Hi! I was hoping to get some help with the issue below. We use the following commands in order to obtain the representative sequences (without gaps) for each OTU, and their taxonomy.
get.oturep →
degap.seqs →
classify.seqs
We then use the output files to manually curate the most important OTUs (actually take the sequence and BLAST it, and then compare it to assigned taxonomy).
This works fine in mothur v. 1.39.5. However, in mothur 1.48.0, both degap.seqs and classify.seqs produce outputs that are not in the original order of the OTUs anymore. So the …rep.fasta file contains the representative sequences in the right order (for OTU1, OTU2, OTU3, …), but this order is lost after degapping and/or classifying the sequences. This seems to happen for both commands independently:
get.oturep →
degap.seqs → resulting …rep.ng.fasta file not in the order of OTUs anymore
classify.seqs → resulting …rep.ng.pds.wang.taxonomy file not in the order of OTUs anymore (also not if input is original rep.fasta file, instead of the rep.ng.fasta file)
This is a problem for our manual curation step, where we need to know the OTU each representative sequence belongs to. Would it be possible to please look into this and update the commands so that they retain the original order of OTUs?
An additional request is whether it would be possible for the degap.seqs command to produce an output that retains the OTU numbers? Right now the …rep.ng.fasta gives the sequence names and their sequences only, whereas the original …rep.fasta also contained the OTU numbers. It would be very useful if this information was retained, so that we can more easily merge/link output files.
Can you clarify what order they are in when they are changed? Or do you mean the sequence names are changing. If it is purely a matter of the order then we’ll probably need you to handle this on your own. For what it’s worth, you don’t need to degap the sequences prior to classification. classify.seqs will do that for you.
Aside from that…
I would strongly advise against the strategy you are taking. We have a function classify.otu that returns the consensus taxonomy for an OTU. This method is outlined in the MiSeq SOP. Your approach of finding the representative OTU and then classifying that is prone to getting lucky or unlucky based on what sequence is picked relative to the other sequences. You might want to look at Figure 2 from https://journals.asm.org/doi/10.1128/aem.02810-10. Aside from that figure, I don’t think I’ve ever used get.oturep in an analysis of mine.

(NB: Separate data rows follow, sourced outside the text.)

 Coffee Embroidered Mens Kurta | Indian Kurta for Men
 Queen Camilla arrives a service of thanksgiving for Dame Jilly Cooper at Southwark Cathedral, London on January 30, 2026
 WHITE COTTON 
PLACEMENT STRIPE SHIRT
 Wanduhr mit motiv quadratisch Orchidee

I wouldn’t put much stock in using blast as a check of the naive Bayesian approach. There are a lot of problems with using blast for classification. Here are a few…

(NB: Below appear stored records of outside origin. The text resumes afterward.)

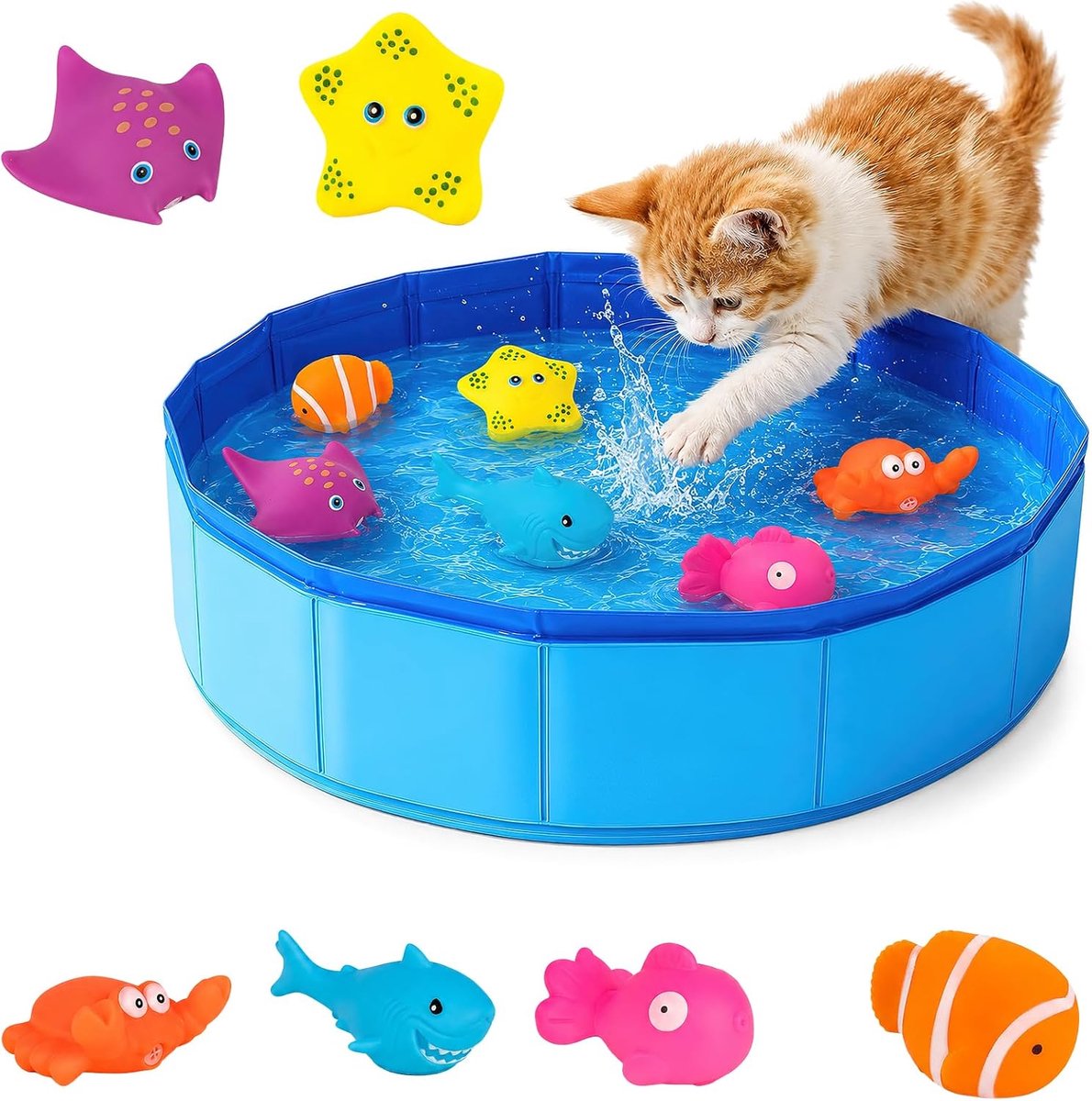 50 x 10 cm, opvouwbaar, watermat, kat met 6 zwemspeelgoed, voor katten en kleine honden, ideaal om te spelen, te spatten en af te koelen in de zomer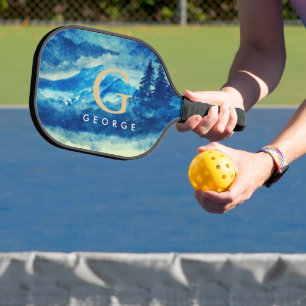 Winterfarbengebirge Landschaftsmonogramm Pickleball Schläger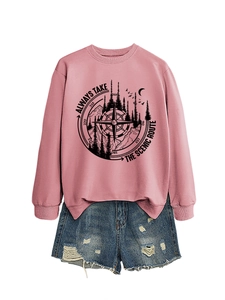 Detail of pink long sleeve sweatshirt with scenic route mountain print and denim shorts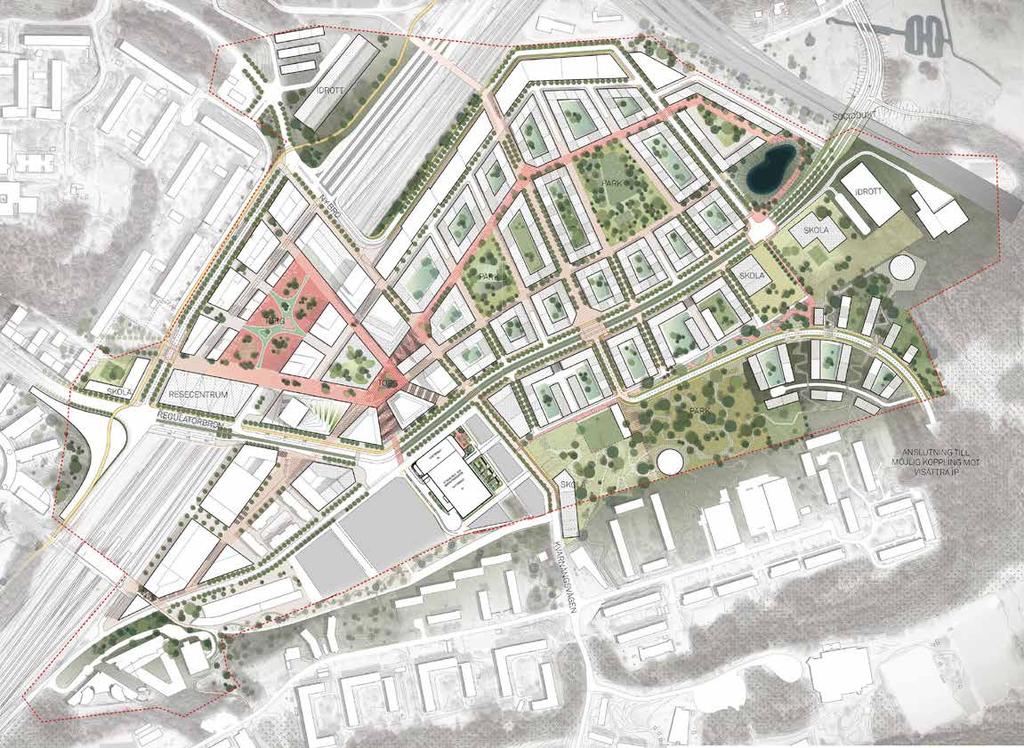 Inledning Bild 1. Övergripande illustrationsplan med markering i gult för aktuellt planområde, Centralmarken. Strukturplan av BIG, justerad av Urbio.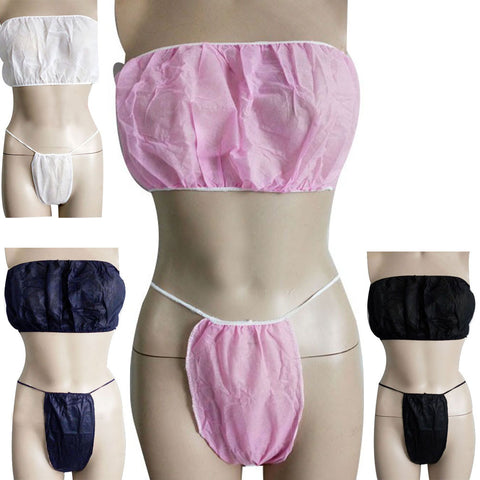 40PCS (20 each) Disposable Women T-Back Thong Underwear & Bras for Spa Massage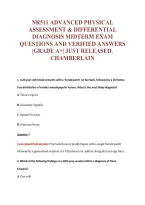 NR511 ADVANCED PHYSICAL&NewLine;ASSESSMENT & DIFFERENTIAL&NewLine;DIAGNOSIS MIDTERM EXAM&NewLine;QUESTIONS AND VERIFIED ANSWERS&NewLine;&vert;GRADE A&plus;&vert; JUST RELEASED&period;&NewLine;CHAMBERLAIN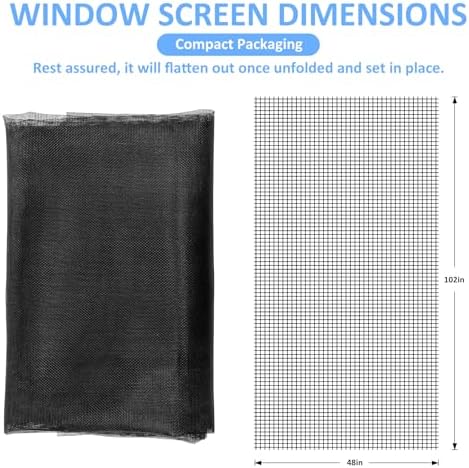 48"x102" Window Screen Mesh, Fiberglass Window Screen, Screen Door Mesh, Windows Screens and Screen Door Replacement, Patio Screen Mesh- Black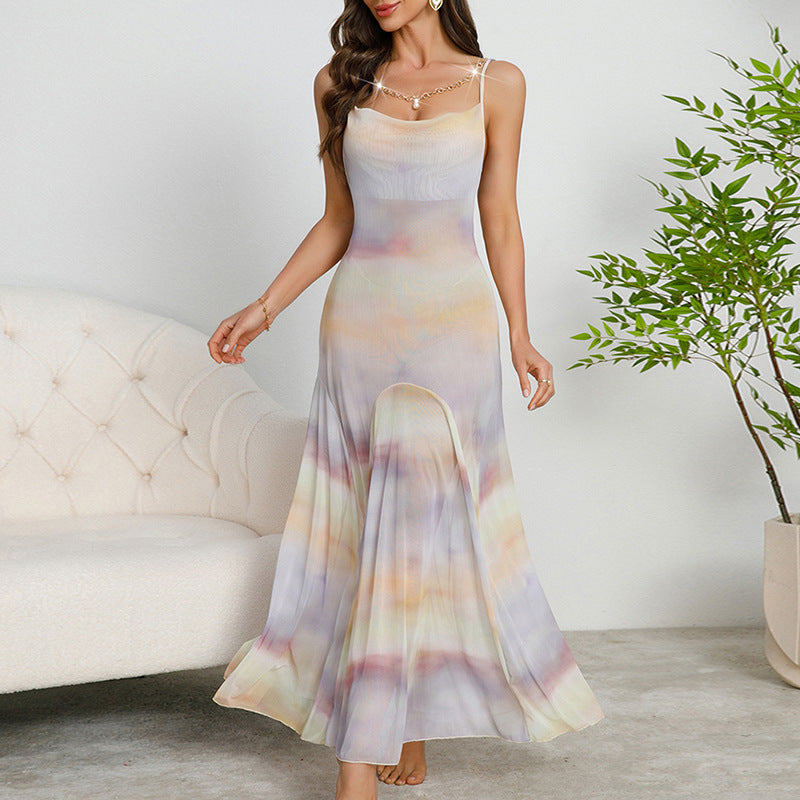 Breathable Comfortable Dress Women Printed Suspender Dress Mesh Swing Collar Nightdress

It is a local alignment of your sequence rather than a global alignment. This will make the sequences look more similar to each other than they really are
You are dependent on the taxonomy of the sequences in NCBI, which are generally researcher provided and often incorrect. The RDP, greengenes, and silva taxonomies are curated to fit a taxonomic outline
The taxonomy you’ll derive from blast is typically the top match or perhaps top few matches. These tend to overstate the classification of your sequence (you’ll see species and strain names). The naive Bayesian approach effectively creates a model for each genus and assesses the likelihood that your sequence came from each genus.
Thanks very much for your response. While I was producing a small example to better illustrate the issue I realised what the culprit might be. Both the degap.seqs and classify.seqs commands use multiple processors if not specified otherwise (since mother version 1.40.0), and I think they then return the degapped sequences and taxonomies in the order they are processed, instead of in the order of the input fasta file. After setting processors=1 the issue seems to be resolved.

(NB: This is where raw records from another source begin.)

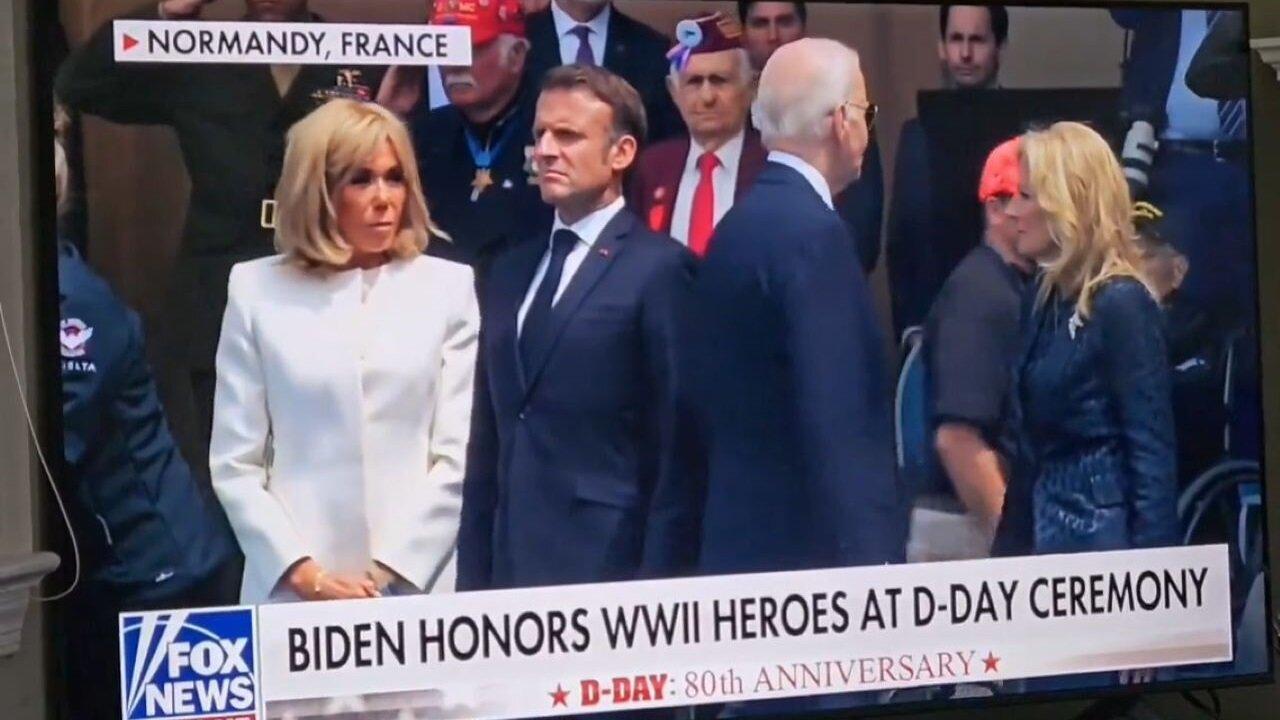 Biden Turned His Back At D-Day Event Mid-Ceremony, Jill And Macron Play 'Simon Says'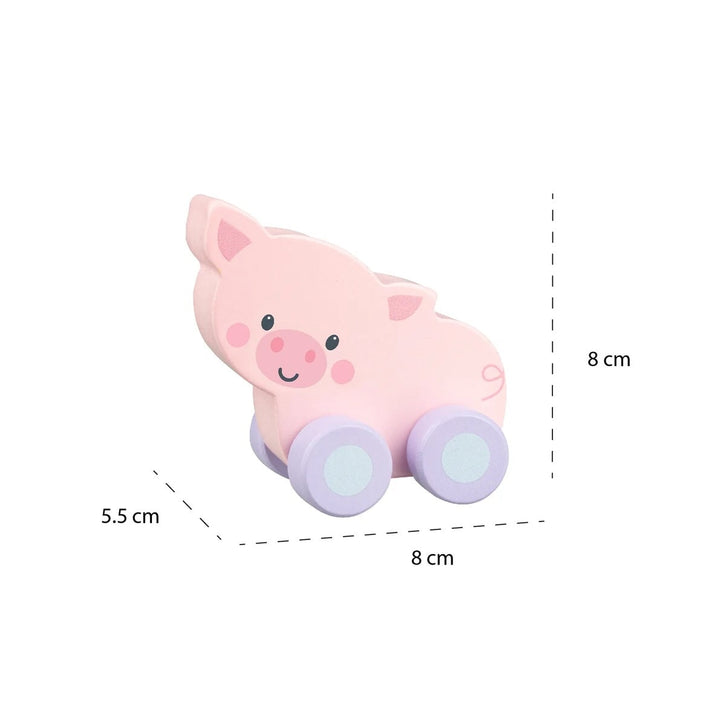 Mon premier jouet à pousser Cochon Orange Tree Toys Mlle et Coco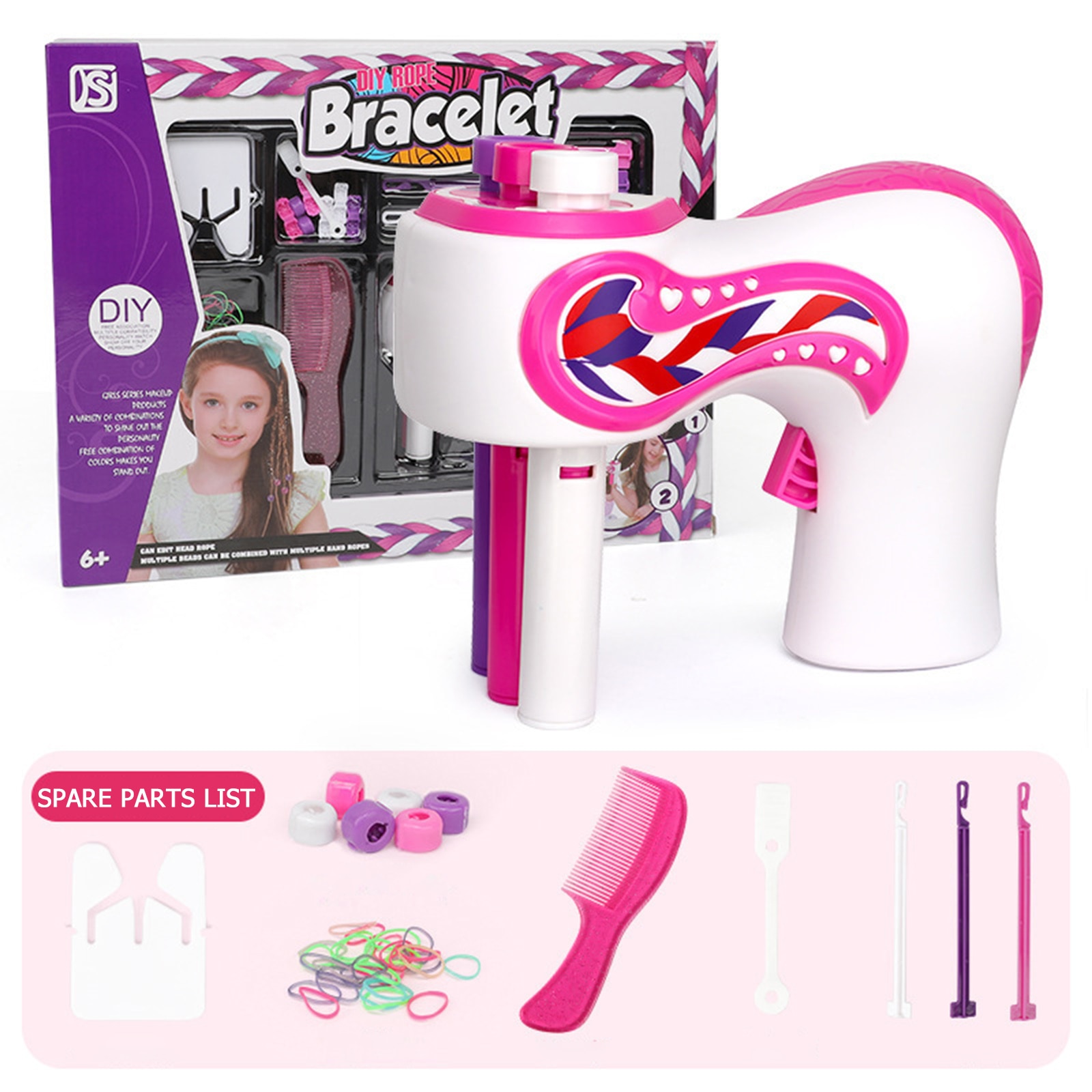 1set Women Girls DIY Hairstyle Twist Braiding Electric Tool Automatic Hair Braider Hair Bun Maker Braid DIY Tool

Regarding your feedback on the strategy we are taking, we do not disagree with any of your points here.
1. We do use classify.otu (with the RDP reference database) to obtain the consensus taxonomy for each OTU. But given that no single reference database is perfect, we think it’s a good idea to then cross-validate the classifications. One way is to run classify.otu with another database, but usually we also manually check some of the most important OTUs (very abundant ones, or those that show statistically significant differences between groups, or those where the consensus is lower than 100) with BLAST.
2. The NCBI database is definitely imperfect, as you say, and we never rely on simply the top few BLAST hits. As a general rule, the hit has to have 100% query coverage and at least 99% identity before we’d take a closer look at it.